I titled this thread, "beating your bounds" and its my understanding this dates back to old English history where the father would go around his boundaries, grab his son by the ankles, hold him upside down and bounce his head up and down on his boundary corners. I doubt this is what actually happened, but the point is they made it a habit of go around there boundaries yearly and maintaining their corners. I don't think I can stress the importance of this, even if you have had your property surveyed. Its important to know where your corners are and maintain them so you can find them.

Another questions people have, should I get my property surveyed? This varies from region to region. Some areas, every time property gets bought and sold, it gets surveyed. This goes for houses in town or rural areas. It is my experience that this in not usually the case. In my area most of the time property gets bought and sold, its DOES NOT get surveyed. As a surveyor, I find this shocking. This is usually a persons most expensive investment, and with the price of farm ground going for over $11,000 acre, it seems like a good idea to get it surveyed. Its often expensive to get land surveyed. I tell people its a viscous cycle, for every property corner I set, one gets knocked out somewhere else. In other words, I'm not really making any headway.

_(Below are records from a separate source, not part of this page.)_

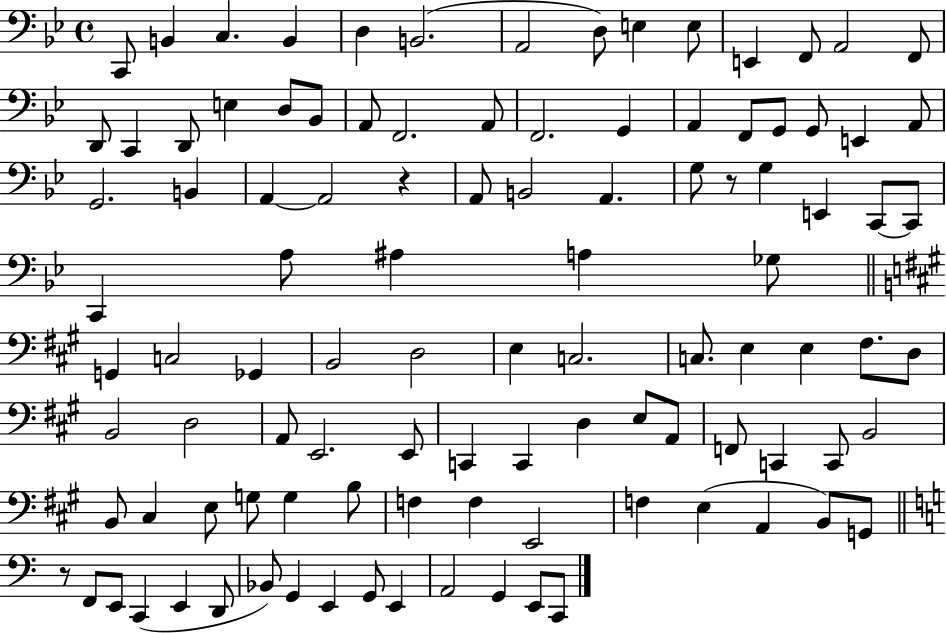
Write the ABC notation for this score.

X:1
T:Untitled
M:4/4
L:1/4
K:Bb
C,,/2 B,, C, B,, D, B,,2 A,,2 D,/2 E, E,/2 E,, F,,/2 A,,2 F,,/2 D,,/2 C,, D,,/2 E, D,/2 _B,,/2 A,,/2 F,,2 A,,/2 F,,2 G,, A,, F,,/2 G,,/2 G,,/2 E,, A,,/2 G,,2 B,, A,, A,,2 z A,,/2 B,,2 A,, G,/2 z/2 G, E,, C,,/2 C,,/2 C,, A,/2 ^A, A, _G,/2 G,, C,2 _G,, B,,2 D,2 E, C,2 C,/2 E, E, ^F,/2 D,/2 B,,2 D,2 A,,/2 E,,2 E,,/2 C,, C,, D, E,/2 A,,/2 F,,/2 C,, C,,/2 B,,2 B,,/2 ^C, E,/2 G,/2 G, B,/2 F, F, E,,2 F, E, A,, B,,/2 G,,/2 z/2 F,,/2 E,,/2 C,, E,, D,,/2 _B,,/2 G,, E,, G,,/2 E,, A,,2 G,, E,,/2 C,,/2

Another reason I say get your property surveyed, is I see all the horror stories. Houses built over the property line, boundary disputes ending up in court, hard feelings between neighbors.

Please don't take this thread as a promotional ad for my line of work, its more advice to maintain your boundaries and to spot problems early. Its also meant to inform people that when you buy a house or a piece of property, to take a look at the boundaries and ask if its been surveyed. Do this before you buy, not after. If you didn't get your property surveyed before you bought it, don't worry about it, most people in your area probably don't.
 
   / Beating your bounds. #2  
I like your suggestion to find and maintain your corners.

My question is for a rural area that has been surveyed in the past, and if you get a paper copy of the survey document and can find the corners, why would you get it surveyed again? And if you can't find the corners, is there typically a service you can get for less expense just to find the corner stakes or is it about the same time to get the full survey?
 
   / Beating your bounds. #3  
And if you can't find the corners, is there typically a service you can get for less expense just to find the corner stakes or is it about the same time to get the full survey?
Yes you can hire a local surveyor to find the original monuments. The more information you can provide the better. A lot of the expense of a full property survey is time for research. Your legal description or plat of recent survey will help. You can have them quote you a price to locate the existing corners, with an additional cost to reset any destroyed corners. It is very common in farm country to have pins plowed out.
 
   / Beating your bounds.
  • Thread Starter
#4  
I like your suggestion to find and maintain your corners.

My question is for a rural area that has been surveyed in the past, and if you get a paper copy of the survey document and can find the corners, why would you get it surveyed again? And if you can't find the corners, is there typically a service you can get for less expense just to find the corner stakes or is it about the same time to get the full survey?

Good questions. If its already been surveyed and you can find the corners, there is no real reason to get it done again. The only problem is I have had twice had someone pull a corner and move it. A new survey would uncover this, but this problem in my opinion is rare.

Your second question. If I have surveyed a property before, I will usually go out and just locate the corners again at a much reduced price. If its in town, I have even done this for free if it just takes a few minutes. I usually only do this for the person that originally hired us. This also depends on the age of the original survey. If it was done 50 years ago, it needs surveyed again. If I did it last years, just locating the corners with a few checks is good enough.
 
   / Beating your bounds. #5  
Dave,

What you say makes sense, and since I bought my property relatively recently (2007), have a survey that is recent. I started to ask a question about my situation in the recent saga that strum456 was going through, but didn't want to intercede in his thread.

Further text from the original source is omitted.